Five observations on what has been written so far.
When I used the term "relaxed" I never thought people would think I was implying that knots should be so loose as to be at risk of becoming undone in a fall situation.
It has been an interesting learning point. When you dress a tied knot, you may subject it to a force of up to 0.5kN / 50kg. When you lower yourself onto a knot you then subject it to a force of around 1kN / 100kg. And in doing so, you will almost certainly tighten the knot up a little more. Lyon's report
http://www.hse.gov.uk/research/crr_pdf/2001/crr01364.pdf suggested poor rope work might place a load of 2kN / 200kg on the rope and thus the knot. The translated French Cows Tails article suggests that the maximum force a knot is likely to see under most deliberate caving action is around 3kN / 300kg. Our research work suggests a fall of even 0.5m is likely to impose a peak force of 6kN / 600 kg on the first drop rising to over 10kN / 1000kg (that is over 1 ton) for subsequent drops. We also find that the rope is most likely to break within the knot at the first bend. So by tightening a knot beyond its dressed state you are likely to increase the peak force seen in a fall situation and thus increase the likelihood of the rope breaking.

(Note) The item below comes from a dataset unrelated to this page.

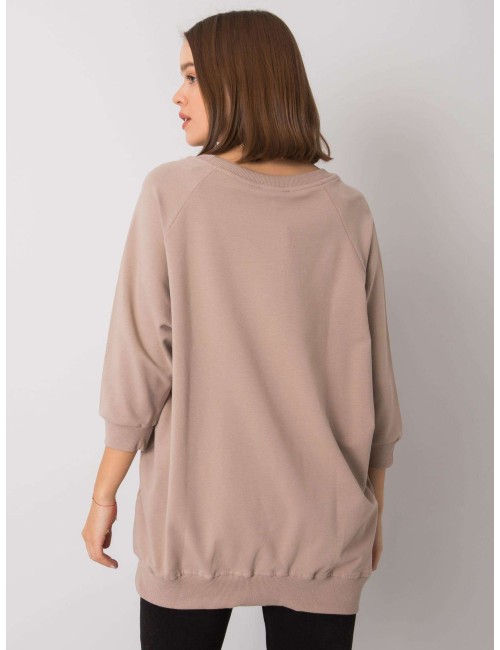 Morska bluza damska bez kaptura Karissa RUE PARIS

By relaxing the knot I mean taking it back from 2 or more kN to 0.5kN; not leaving it at risk of undoing.
The concept of Fall Factor is almost useless for rope lengths below a few metres since the set up is not a simple single length of rope but complicated by the presence of knots, rope loops and movable metal work such as crabs, as Penguin perceptively comments. I have yet to push force measurements below 0.5m sample length but when you think about it, a crab and two knots plus their loops will take up much of that length. (Just to make clear, that 0.5m under a 1kN load, so the length prior to placing the load on the rope will be somewhat shorter.)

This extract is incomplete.